▽

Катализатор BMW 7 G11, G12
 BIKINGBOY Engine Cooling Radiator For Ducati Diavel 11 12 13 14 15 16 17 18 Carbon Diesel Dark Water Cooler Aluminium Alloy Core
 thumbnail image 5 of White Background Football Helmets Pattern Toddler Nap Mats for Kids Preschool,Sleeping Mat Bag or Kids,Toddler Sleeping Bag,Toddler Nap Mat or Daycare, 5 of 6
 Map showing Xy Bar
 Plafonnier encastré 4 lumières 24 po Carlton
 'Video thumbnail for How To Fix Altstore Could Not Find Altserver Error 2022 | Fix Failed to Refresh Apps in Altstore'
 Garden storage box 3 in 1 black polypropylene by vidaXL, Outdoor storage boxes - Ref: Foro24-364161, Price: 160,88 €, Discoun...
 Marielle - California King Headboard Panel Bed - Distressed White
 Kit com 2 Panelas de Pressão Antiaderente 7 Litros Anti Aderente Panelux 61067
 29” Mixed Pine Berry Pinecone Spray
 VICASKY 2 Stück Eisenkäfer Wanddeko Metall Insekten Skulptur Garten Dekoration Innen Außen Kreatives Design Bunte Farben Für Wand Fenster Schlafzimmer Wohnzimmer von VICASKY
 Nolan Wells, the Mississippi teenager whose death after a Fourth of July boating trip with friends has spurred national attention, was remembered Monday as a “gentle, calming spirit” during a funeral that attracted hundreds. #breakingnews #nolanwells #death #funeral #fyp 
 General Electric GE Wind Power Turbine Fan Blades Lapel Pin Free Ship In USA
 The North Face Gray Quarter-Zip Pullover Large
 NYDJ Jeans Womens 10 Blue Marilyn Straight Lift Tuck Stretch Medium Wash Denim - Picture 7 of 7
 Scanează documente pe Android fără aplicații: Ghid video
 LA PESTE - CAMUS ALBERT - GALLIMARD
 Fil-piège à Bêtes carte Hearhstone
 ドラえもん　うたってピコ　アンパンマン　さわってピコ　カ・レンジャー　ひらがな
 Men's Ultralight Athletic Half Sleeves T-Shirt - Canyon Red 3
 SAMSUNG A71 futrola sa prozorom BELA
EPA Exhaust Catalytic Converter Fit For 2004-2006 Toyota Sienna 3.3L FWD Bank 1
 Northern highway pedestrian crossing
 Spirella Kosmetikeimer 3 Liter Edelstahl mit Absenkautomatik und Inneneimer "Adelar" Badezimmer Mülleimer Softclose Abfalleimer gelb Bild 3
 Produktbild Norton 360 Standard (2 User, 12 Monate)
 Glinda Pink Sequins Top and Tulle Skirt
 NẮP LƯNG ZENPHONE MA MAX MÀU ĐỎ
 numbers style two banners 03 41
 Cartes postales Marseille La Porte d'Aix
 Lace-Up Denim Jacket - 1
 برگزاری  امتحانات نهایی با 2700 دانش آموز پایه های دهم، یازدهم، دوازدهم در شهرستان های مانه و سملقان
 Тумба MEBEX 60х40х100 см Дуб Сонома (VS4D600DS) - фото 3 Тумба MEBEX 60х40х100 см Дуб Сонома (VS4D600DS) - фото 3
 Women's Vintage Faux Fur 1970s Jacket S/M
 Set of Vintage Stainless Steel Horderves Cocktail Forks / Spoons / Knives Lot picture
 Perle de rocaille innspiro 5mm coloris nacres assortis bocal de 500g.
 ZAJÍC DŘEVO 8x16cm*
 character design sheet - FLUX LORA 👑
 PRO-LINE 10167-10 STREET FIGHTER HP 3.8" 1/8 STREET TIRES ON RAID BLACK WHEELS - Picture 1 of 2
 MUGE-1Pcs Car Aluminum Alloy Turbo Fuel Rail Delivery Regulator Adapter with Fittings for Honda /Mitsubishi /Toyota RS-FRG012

△

**Exercise**
Would you set down all the lines above, exactly and in full?

**Completed exercise**
Катализатор BMW 7 G11, G12
 BIKINGBOY Engine Cooling Radiator For Ducati Diavel 11 12 13 14 15 16 17 18 Carbon Diesel Dark Water Cooler Aluminium Alloy Core
 thumbnail image 5 of White Background Football Helmets Pattern Toddler Nap Mats for Kids Preschool,Sleeping Mat Bag or Kids,Toddler Sleeping Bag,Toddler Nap Mat or Daycare, 5 of 6
 Map showing Xy Bar
 Plafonnier encastré 4 lumières 24 po Carlton
 'Video thumbnail for How To Fix Altstore Could Not Find Altserver Error 2022 | Fix Failed to Refresh Apps in Altstore'
 Garden storage box 3 in 1 black polypropylene by vidaXL, Outdoor storage boxes - Ref: Foro24-364161, Price: 160,88 €, Discoun...
 Marielle - California King Headboard Panel Bed - Distressed White
 Kit com 2 Panelas de Pressão Antiaderente 7 Litros Anti Aderente Panelux 61067
 29” Mixed Pine Berry Pinecone Spray
 VICASKY 2 Stück Eisenkäfer Wanddeko Metall Insekten Skulptur Garten Dekoration Innen Außen Kreatives Design Bunte Farben Für Wand Fenster Schlafzimmer Wohnzimmer von VICASKY
 Nolan Wells, the Mississippi teenager whose death after a Fourth of July boating trip with friends has spurred national attention, was remembered Monday as a “gentle, calming spirit” during a funeral that attracted hundreds. #breakingnews #nolanwells #death #funeral #fyp 
 General Electric GE Wind Power Turbine Fan Blades Lapel Pin Free Ship In USA
 The North Face Gray Quarter-Zip Pullover Large
 NYDJ Jeans Womens 10 Blue Marilyn Straight Lift Tuck Stretch Medium Wash Denim - Picture 7 of 7
 Scanează documente pe Android fără aplicații: Ghid video
 LA PESTE - CAMUS ALBERT - GALLIMARD
 Fil-piège à Bêtes carte Hearhstone
 ドラえもん　うたってピコ　アンパンマン　さわってピコ　カ・レンジャー　ひらがな
 Men's Ultralight Athletic Half Sleeves T-Shirt - Canyon Red 3
 SAMSUNG A71 futrola sa prozorom BELA
EPA Exhaust Catalytic Converter Fit For 2004-2006 Toyota Sienna 3.3L FWD Bank 1
 Northern highway pedestrian crossing
 Spirella Kosmetikeimer 3 Liter Edelstahl mit Absenkautomatik und Inneneimer "Adelar" Badezimmer Mülleimer Softclose Abfalleimer gelb Bild 3
 Produktbild Norton 360 Standard (2 User, 12 Monate)
 Glinda Pink Sequins Top and Tulle Skirt
 NẮP LƯNG ZENPHONE MA MAX MÀU ĐỎ
 numbers style two banners 03 41
 Cartes postales Marseille La Porte d'Aix
 Lace-Up Denim Jacket - 1
 برگزاری  امتحانات نهایی با 2700 دانش آموز پایه های دهم، یازدهم، دوازدهم در شهرستان های مانه و سملقان
 Тумба MEBEX 60х40х100 см Дуб Сонома (VS4D600DS) - фото 3 Тумба MEBEX 60х40х100 см Дуб Сонома (VS4D600DS) - фото 3
 Women's Vintage Faux Fur 1970s Jacket S/M
 Set of Vintage Stainless Steel Horderves Cocktail Forks / Spoons / Knives Lot picture
 Perle de rocaille innspiro 5mm coloris nacres assortis bocal de 500g.
 ZAJÍC DŘEVO 8x16cm*
 character design sheet - FLUX LORA 👑
 PRO-LINE 10167-10 STREET FIGHTER HP 3.8" 1/8 STREET TIRES ON RAID BLACK WHEELS - Picture 1 of 2
 MUGE-1Pcs Car Aluminum Alloy Turbo Fuel Rail Delivery Regulator Adapter with Fittings for Honda /Mitsubishi /Toyota RS-FRG012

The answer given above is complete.